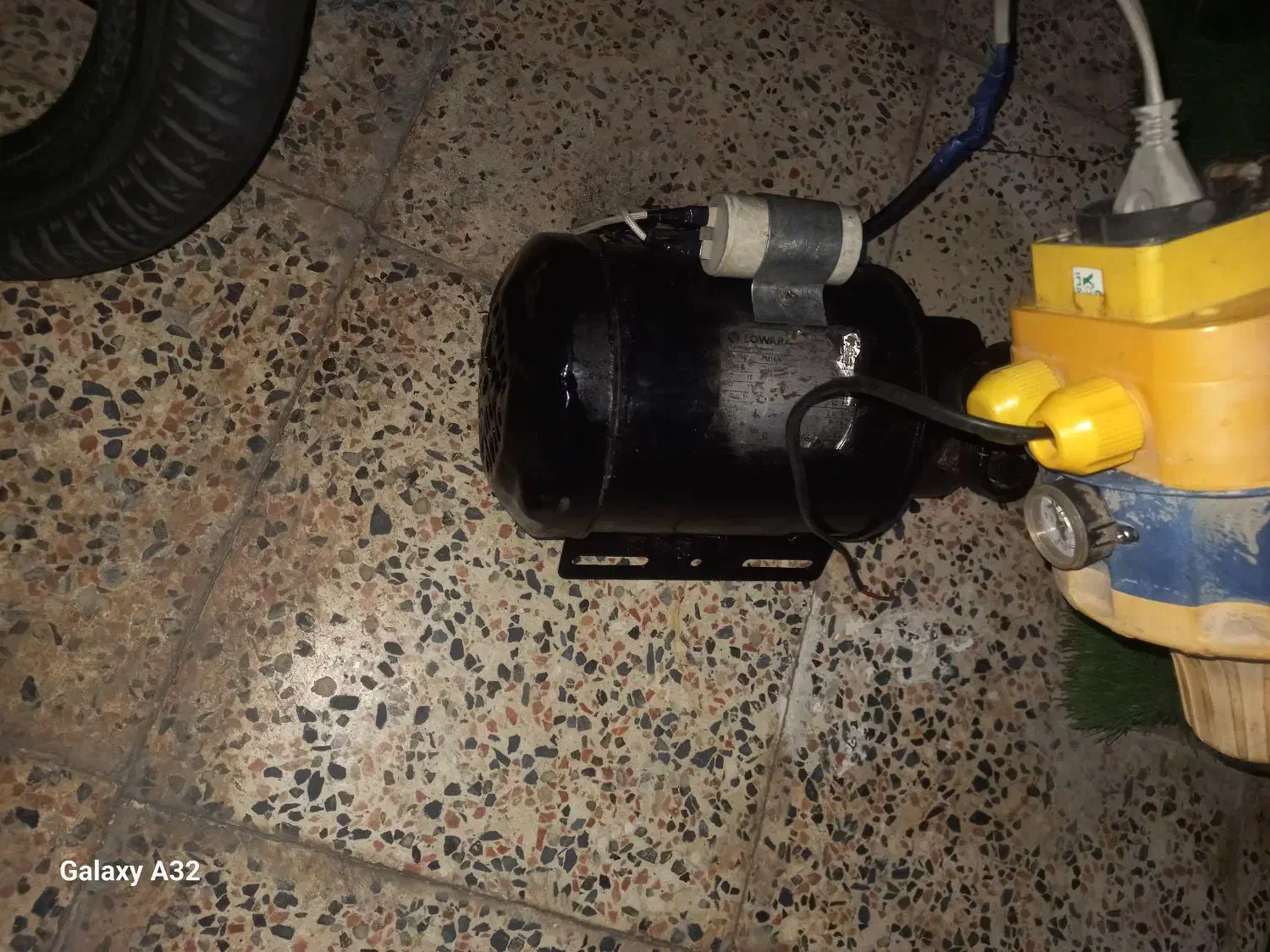 پمپ آب نیم اسب لوارا اصل ایتالیا با اتومات|مصالح و تجهیزات ساختمان|بهارستان, |دیوار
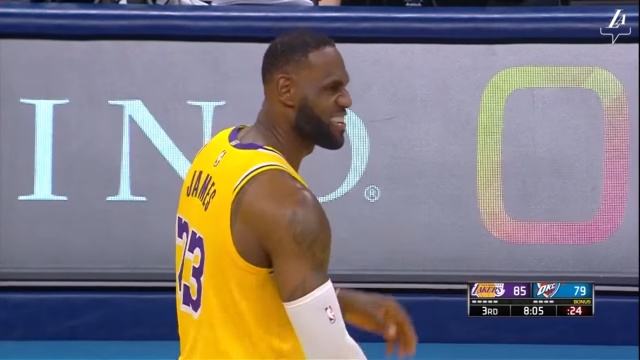 Koszykarze Los Angeles Lakers odnieśli szóste z rzędu, a trzynaste w sezonie zwycięstwo w zasadniczej części rozgrywek ligi NBA.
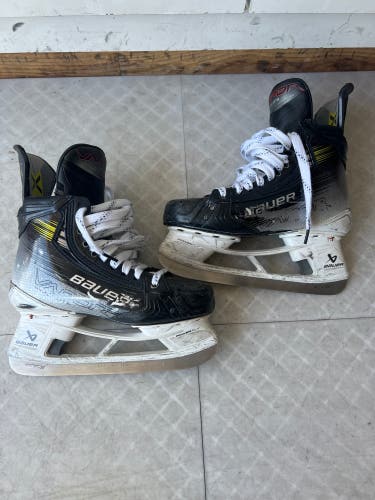 2024 Bauer Vapor Hyperlite 2 Hockey Skates Regular Width   7 (Used)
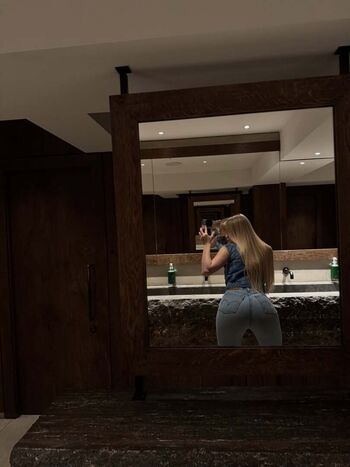 Full leaked Vladababy page private onlyfans photo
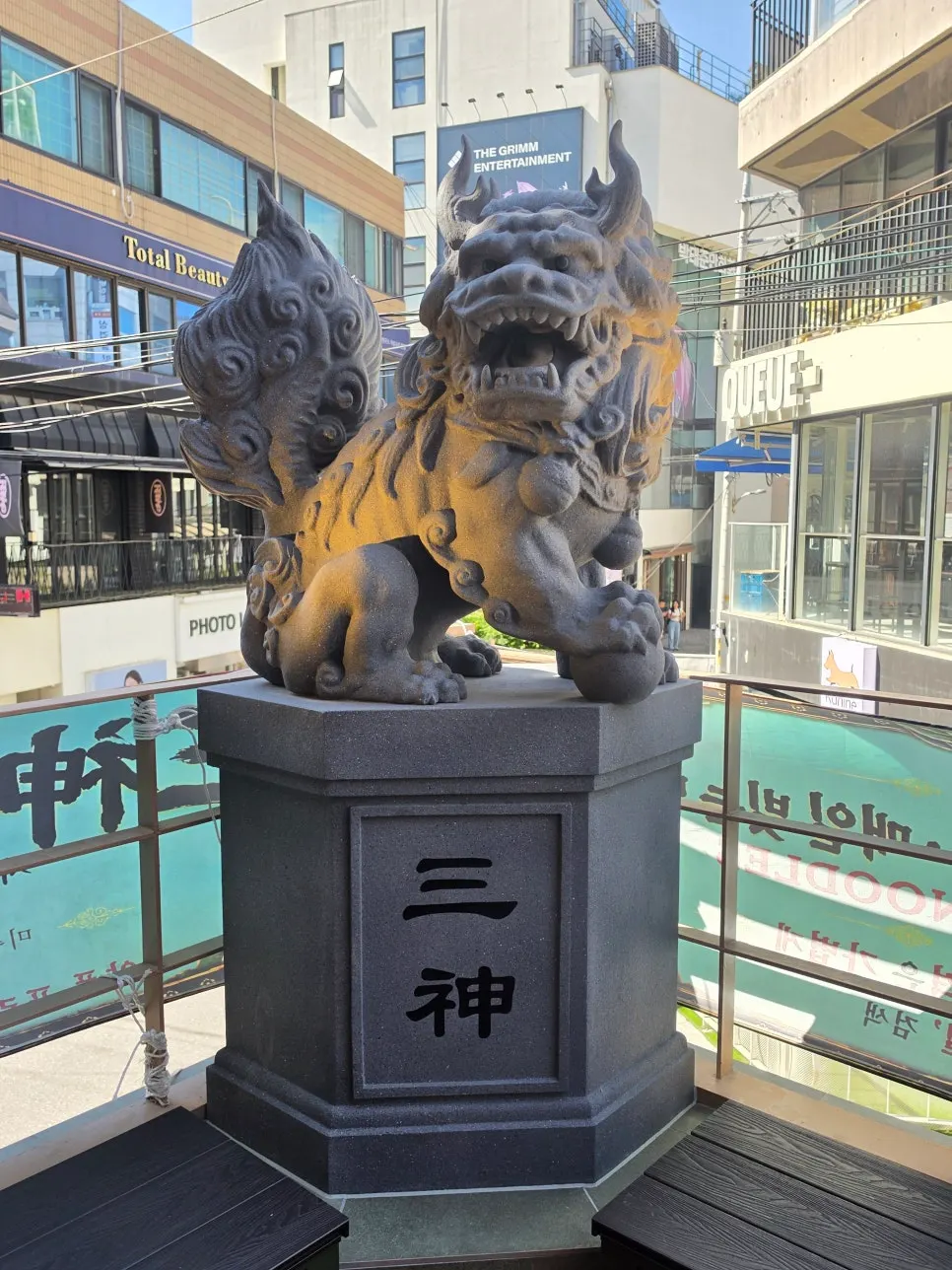 화려한 삼신 가로수길점 매장 인테리어
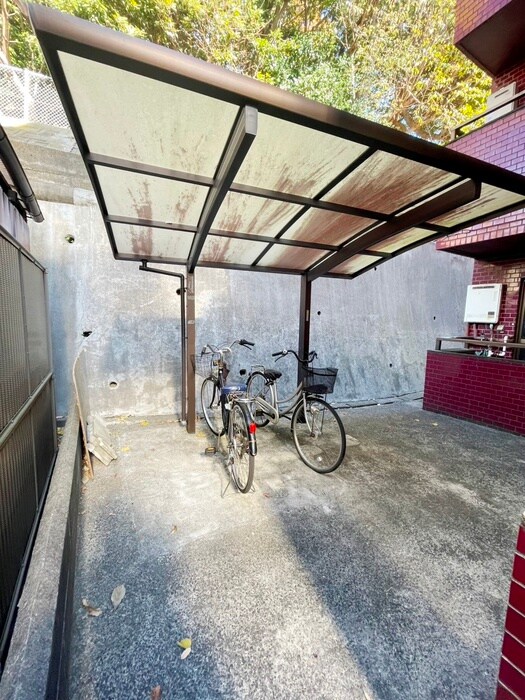 物件外観写真6　(駐輪場)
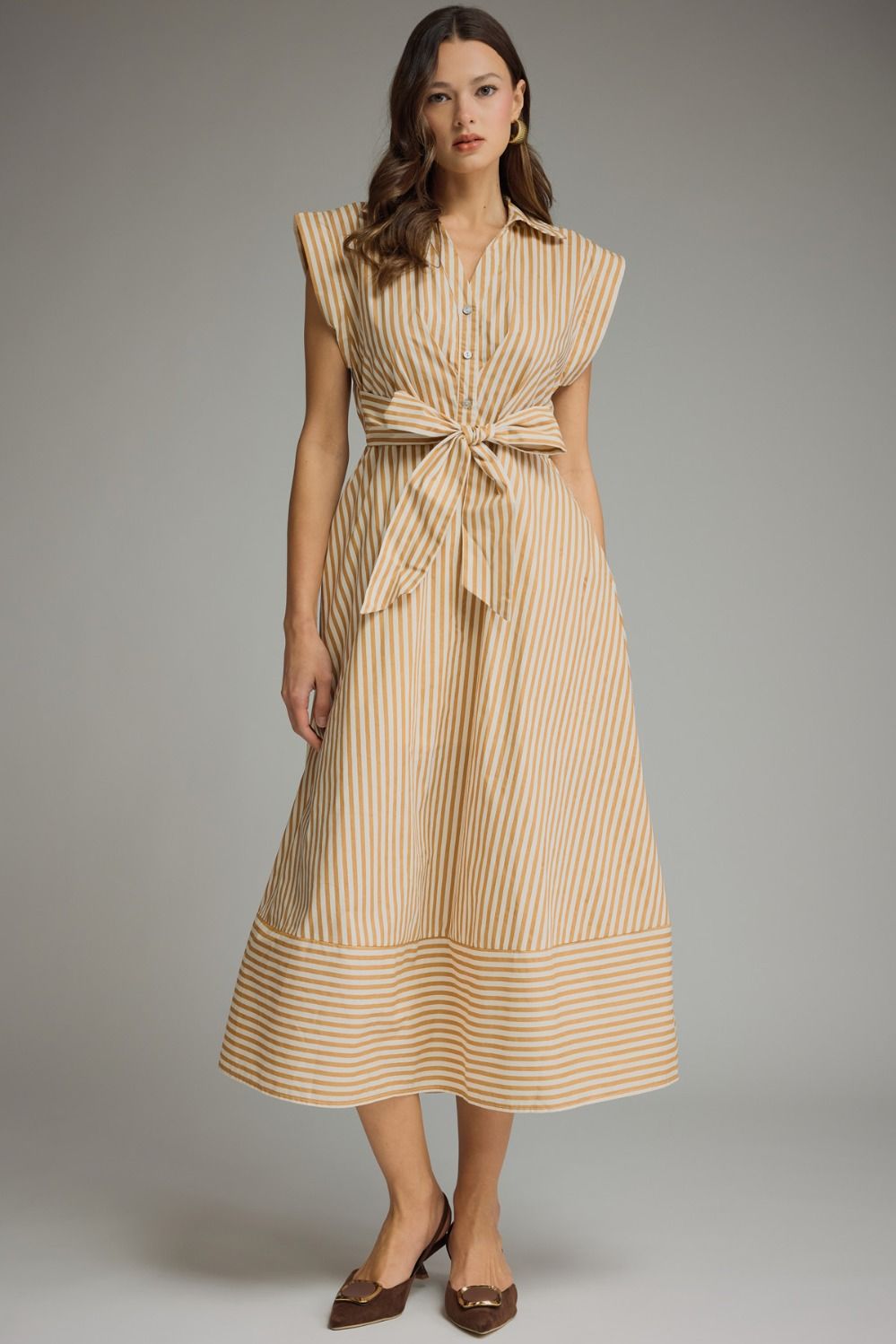 ENTRO Striped Cap Sleeve Midi Dress In Tan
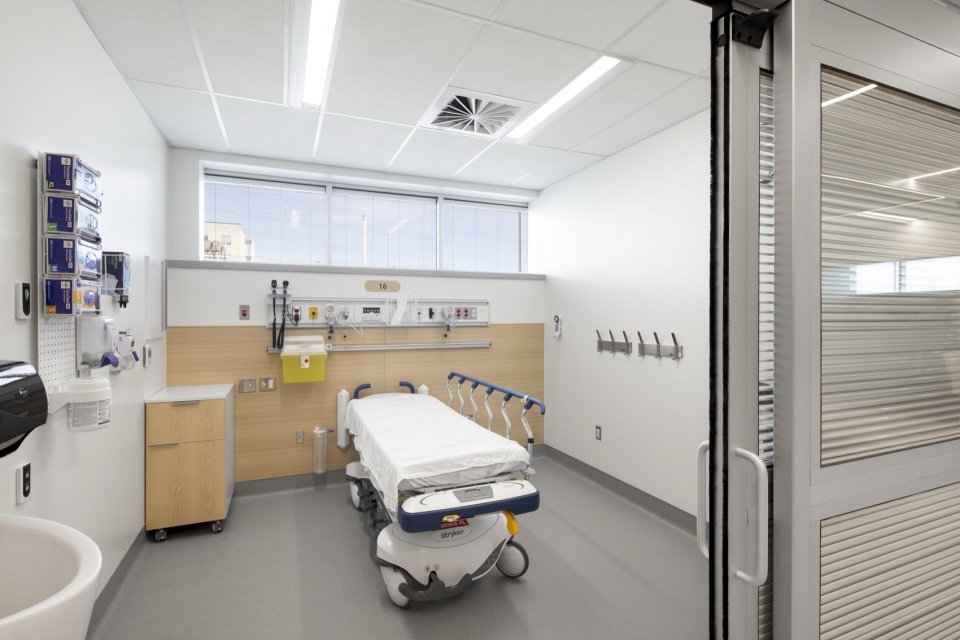 a new mother child and emergency centre in sherbrooke offers a reimagined hospital experience by jodoin lamarre pratte yelle maille equip...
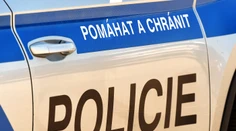 VIDEO: Muž brutálne zaútočil na českých policajtov. Tí ho okamžite spacifikovali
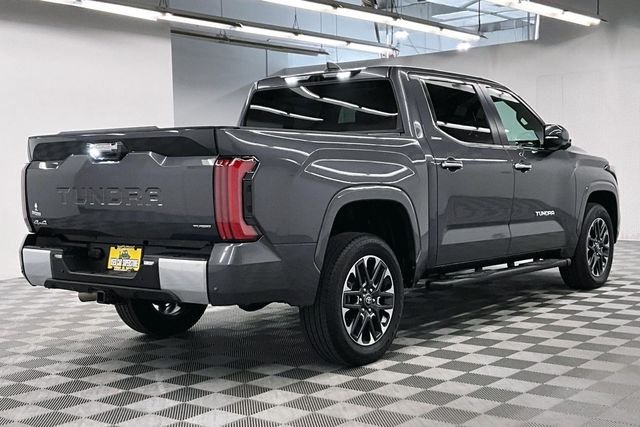 2025 Toyota Tundra Limited - Photo 14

[EXERCISE]:
If a picture falls within the lines from the one containing "Full leaked Vladababy" through the end of the material, leave it out while repeating those lines exactly.

[EXERCISE RESULT]:
 Full leaked Vladababy page private onlyfans photo
 화려한 삼신 가로수길점 매장 인테리어
 物件外観写真6　(駐輪場)
 ENTRO Striped Cap Sleeve Midi Dress In Tan
 a new mother child and emergency centre in sherbrooke offers a reimagined hospital experience by jodoin lamarre pratte yelle maille equip...
 VIDEO: Muž brutálne zaútočil na českých policajtov. Tí ho okamžite spacifikovali
 2025 Toyota Tundra Limited - Photo 14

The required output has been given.